**DATA SHOWN**
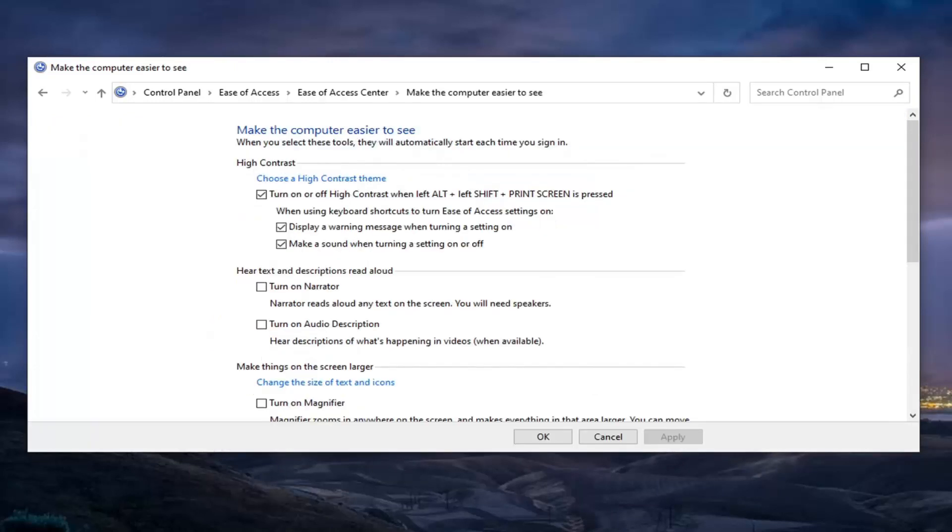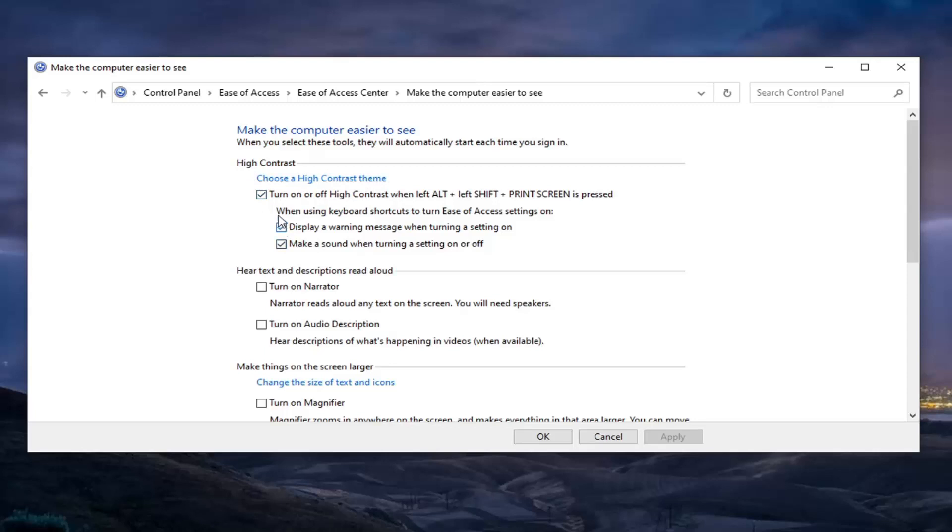And then underneath High Contrast, you want to go and modify these options however you see fit. So if you want to display a warning message when turning a setting on, you can keep that check marked; otherwise you can turn it off. As well as making a sound when turning a setting on or off, you can disable that.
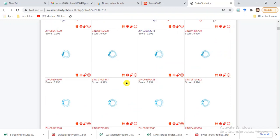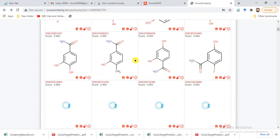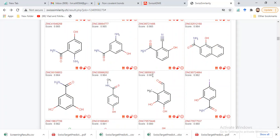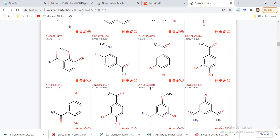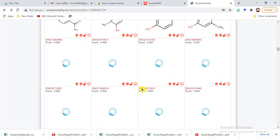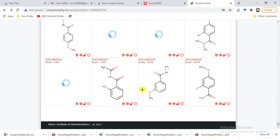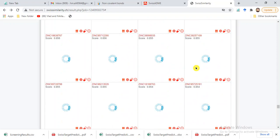Going back to the full list, the similarity scores are decreasing: 0.983, 0.982, 0.974, 0.968, and towards the end it reaches 0.818. So it gives all similar compounds ranked by similarity to our query compound. We can save this results file as a CSV file.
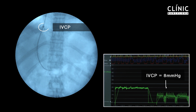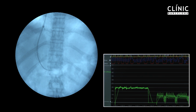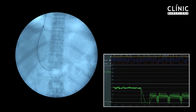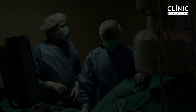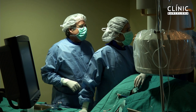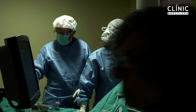This results in a portocaval gradient of 11 mmHg. If the gradient is greater than 12 mmHg, a new balloon angioplasty with a 10-millimeter diameter balloon is used to further dilate the stent, and pressure measurements are repeated.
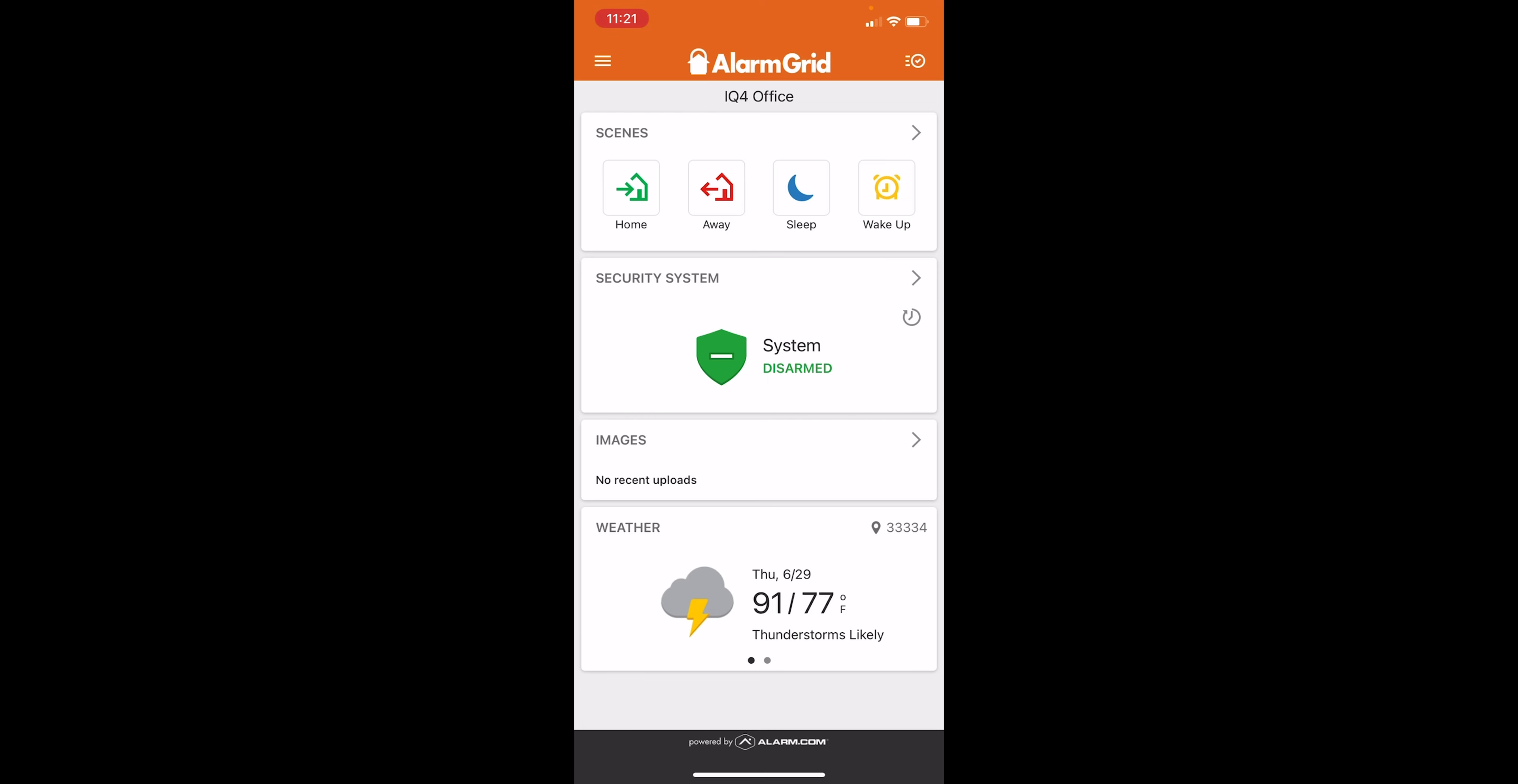So if I do arm away, I want my attached Z-Wave locks to lock, want my lights to dim, and I want my temperature to be turned up on my thermostat. And then you can go in and set up more custom rules for these, but these are just general ones that show up by default.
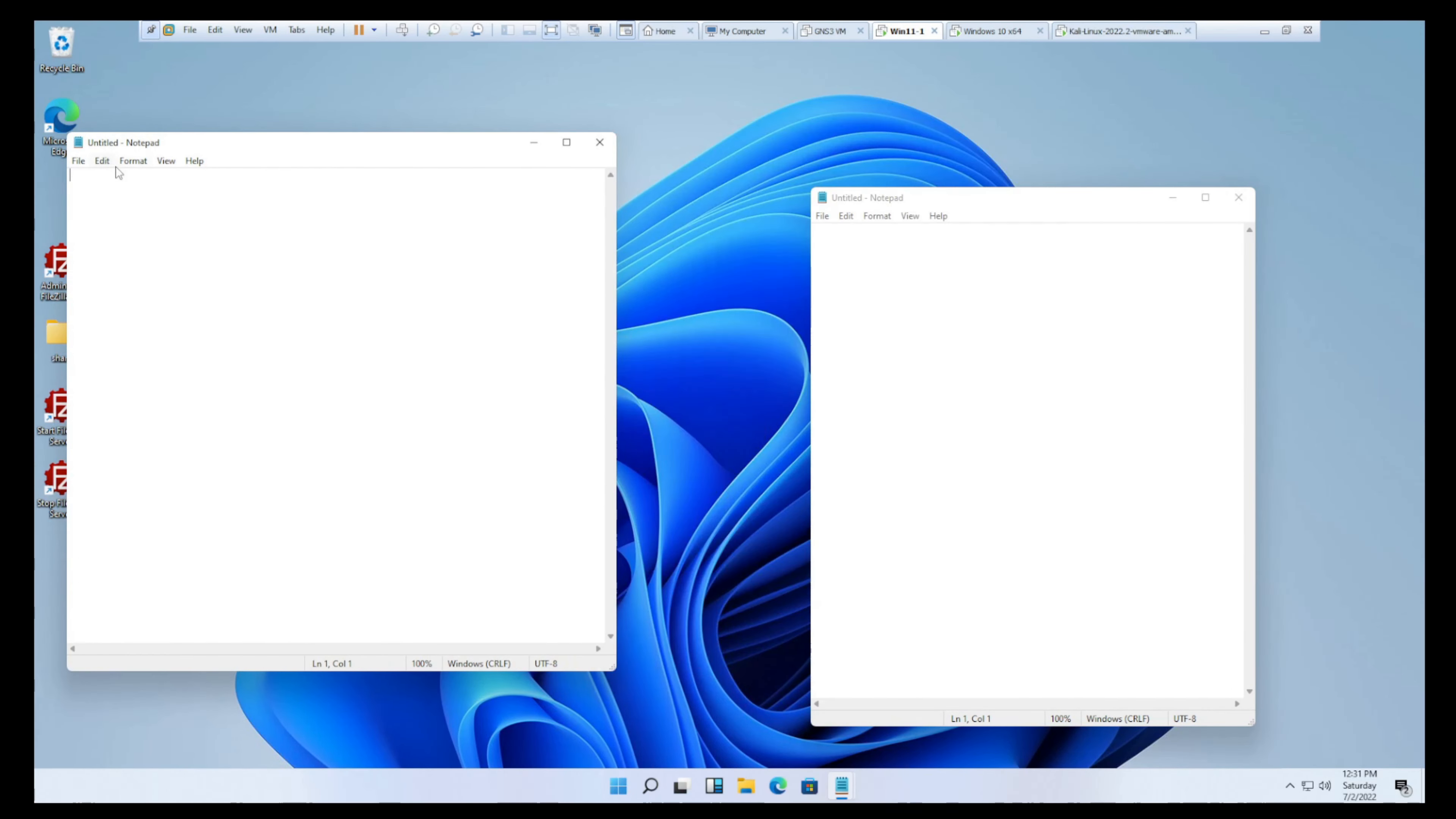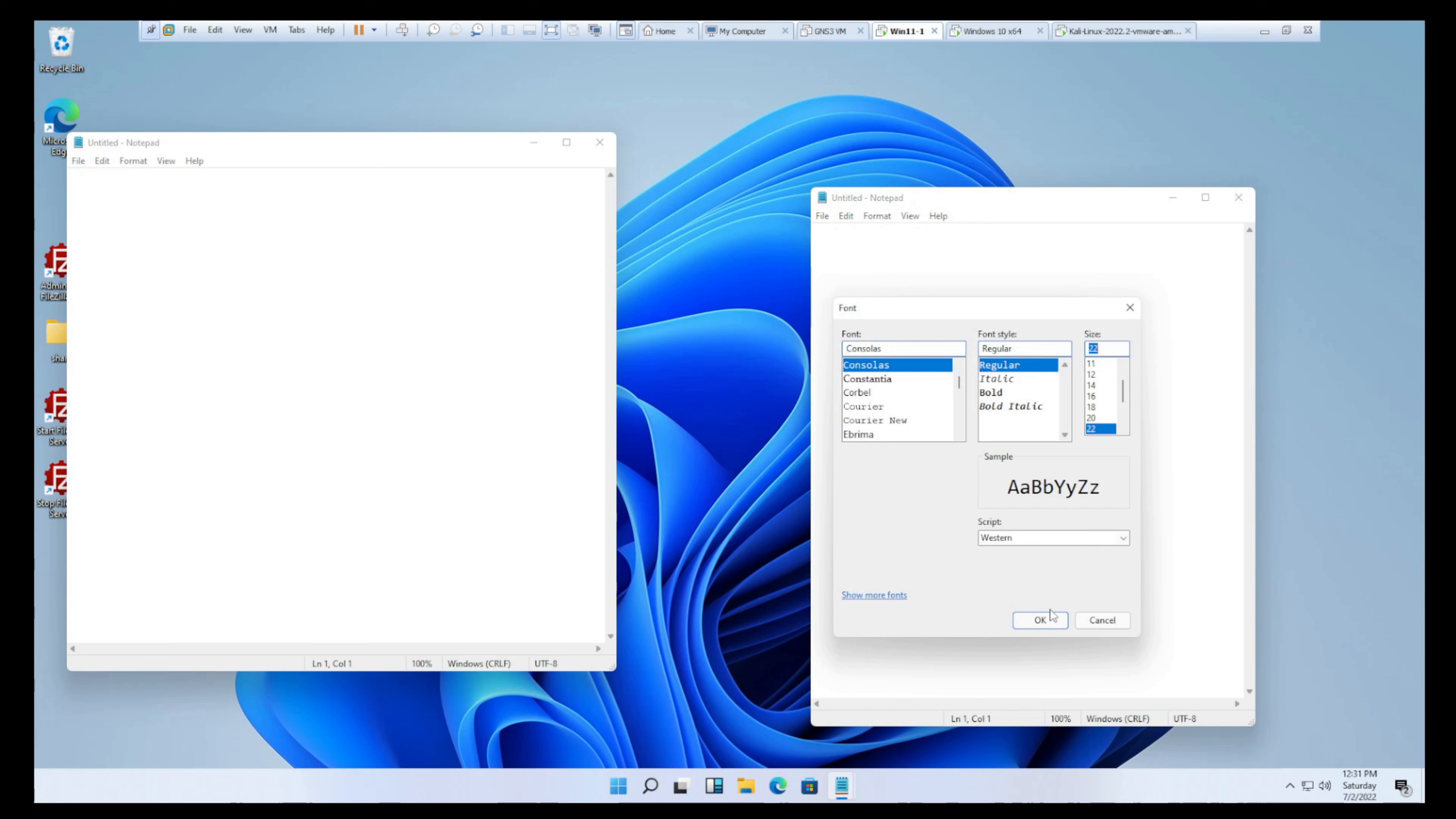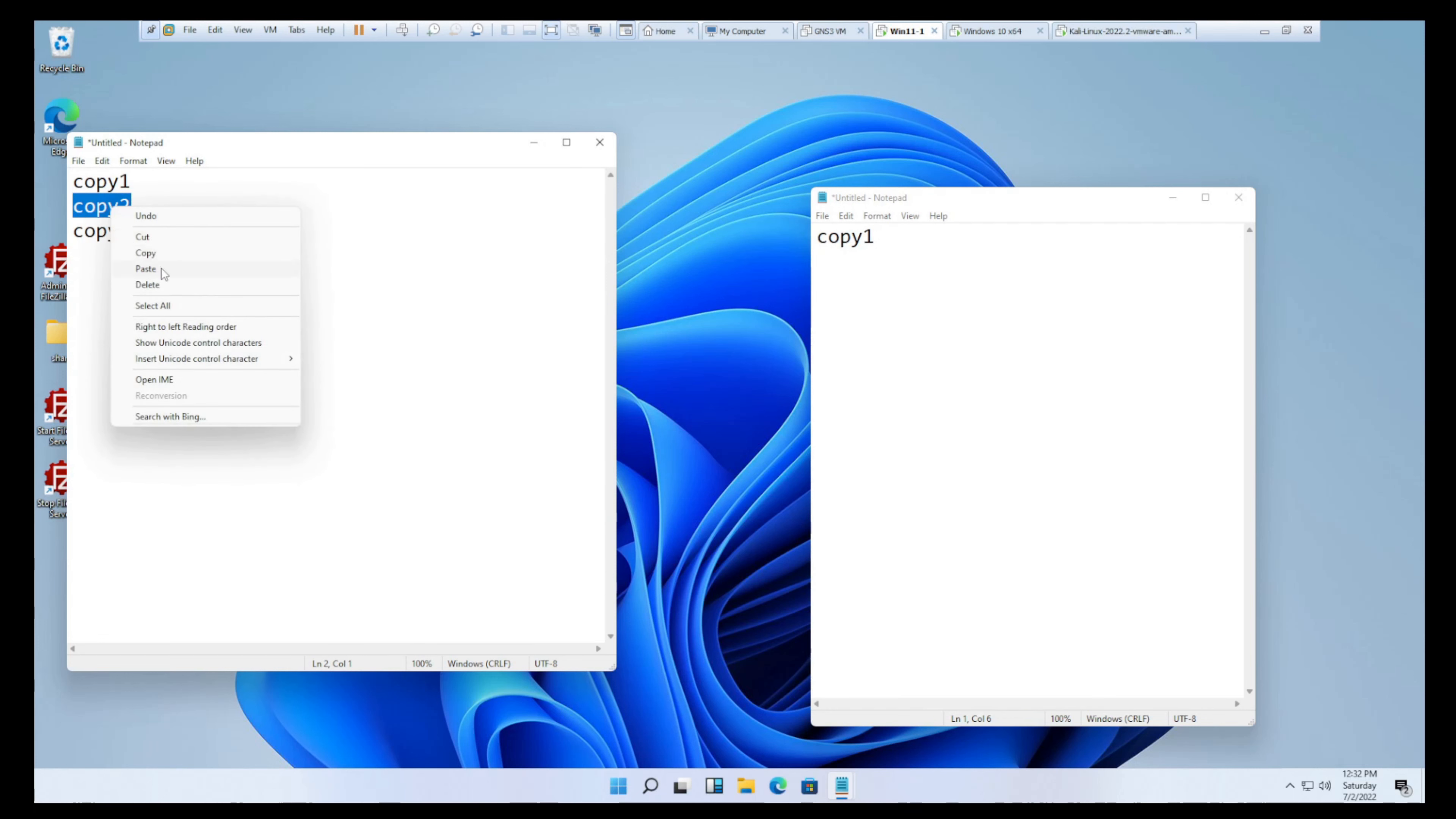It'll probably make more sense if I just demonstrate this. Let's open up a Notepad and we'll open up a second Notepad. Let's make the font a little bigger here so we can see it. So let's say we had a few different things here and then we needed to put them somewhere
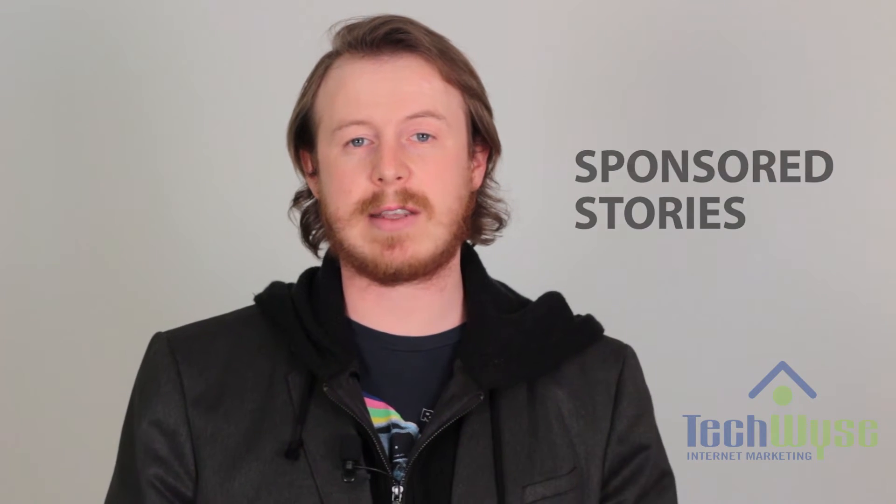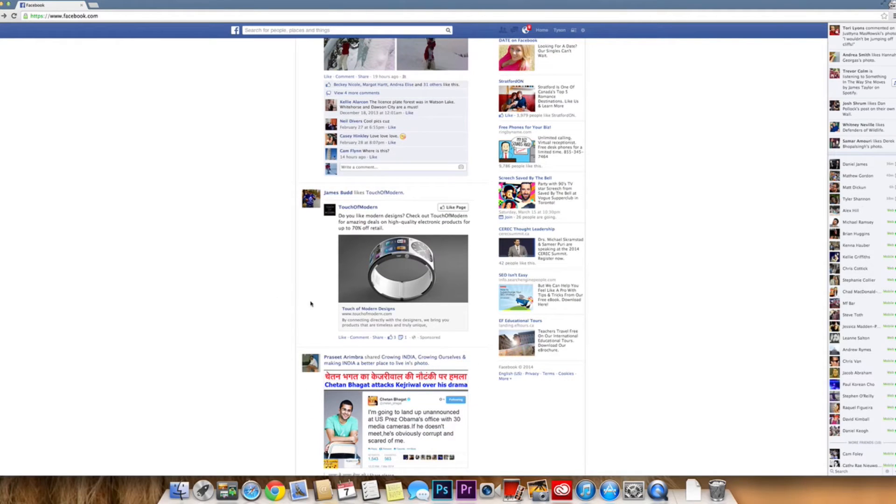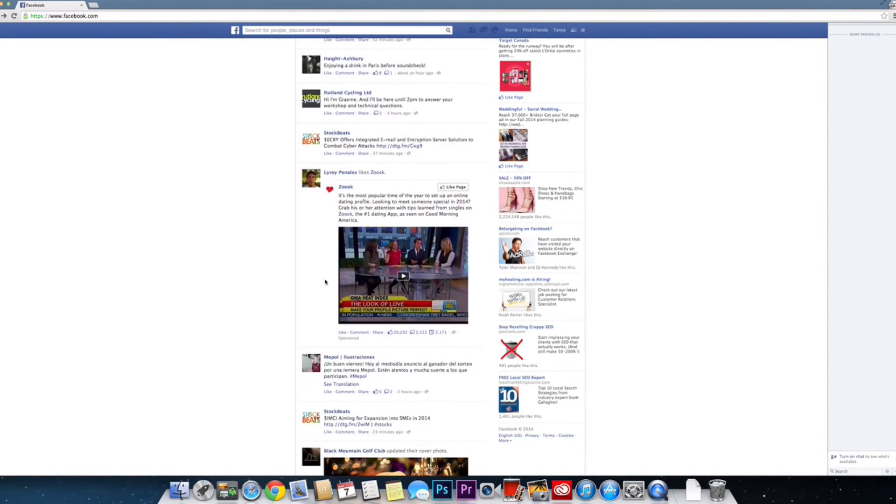The second ad format is the sponsored story. These are similar to a like ad in that the objective is to ultimately grow your page. How it does this is almost like a word-of-mouth recommendation. You may have seen in your news feed that one of your friends likes a page — it may say 'John Doe likes TechWise Internet Marketing' and give you the option to like the page as well. This gives a like ad a little bit more credibility, because it's word of mouth from your friends.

**EXERCISE DESCRIPTION**
What is needed is an exact copy of the lines above from the one with "So if I do arm" to the one with "It'll probably make", both ends kept, and nothing more; please leave the pictures out.

**ANSWER BOX**
So if I do arm away, I want my attached Z-Wave locks to lock, want my lights to dim, and I want my temperature to be turned up on my thermostat. And then you can go in and set up more custom rules for these, but these are just general ones that show up by default.
It'll probably make more sense if I just demonstrate this. Let's open up a Notepad and we'll open up a second Notepad. Let's make the font a little bigger here so we can see it. So let's say we had a few different things here and then we needed to put them somewhere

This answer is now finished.